Don’t Be Decoy Mom


Colourful jars sit atop a shelf in a misty and humid room. Running water slides down her skin as she lathers up with the latest in moisturizing body wash which promises to make her skin glow with youth. She washes her hair with shampoo and conditioner to make it thick, silky, and soft.

As she exits the shower, the drying process begins – softly – so as not to leave any red marks or heaven forbid, pull skin in the wrong direction. Pat the face dry then move down to her toes. She folds the towel in thirds and places it neatly back on the rod before she wraps her hair in a smaller towel.

Grabbing a toothbrush, she measures out the whitening toothpaste and gets to work. Rinses, then gargles with mouthwash to ensure bad breath stays at bay. Then, moisturizer. While that soaks in, she puts on her undergarments. A bra with an underwire and underwear that promises to hold in the stomach which has nurtured the lives of her children close for the past few years. She frowns. Back to the bathroom.

She reaches for the first layer of glow, then dots on concealer. Waits for it to dry before applying an overall foundation and gently blending it together to hide the exhaustion and stress marching across her face.
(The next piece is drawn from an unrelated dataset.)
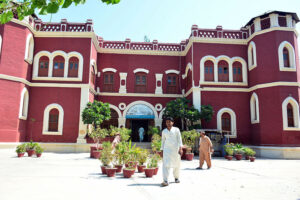 A beautiful view of historical place hundred years old Hasrat Mohani central library building at Fort road.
Next up, eye liner and eye shadow. They make the eyes more open and energetic. Mascara goes on next, gently, the kind that lengthens the lashes because again, more awake and conscious. Less tired.
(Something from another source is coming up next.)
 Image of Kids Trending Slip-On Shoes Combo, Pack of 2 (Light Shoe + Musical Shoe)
Then she puts on blush to cheer her cheeks up, smiling as she carefully brushes up, not down – happy, not sad, she whispers to herself.

She takes down her hair and gives it a tousle. Plugs in the hair dryer and gives her hair a once over, then pulls it into a messy bun. Walks into the closet and chooses whatever isn’t wrinkled or covered in baby food stains. Grabs a pretty pair of heels then over to the jewelry box to select accessories.

A small hand tugs on her skirt and she looks down.

“Mama? You look beee-yooo-tea-fah. Hug?” her middle daughter asks, covered in chocolate from whatever snack she just finished devouring.

So the mother leans down and gives the child a hug, knowing she will have to change her clothes. She sends her daughter on her way, and walks back into the closet, stripping as she goes. A new outfit selected, she makes it to the car with no child-induced stains on her pretty clothes.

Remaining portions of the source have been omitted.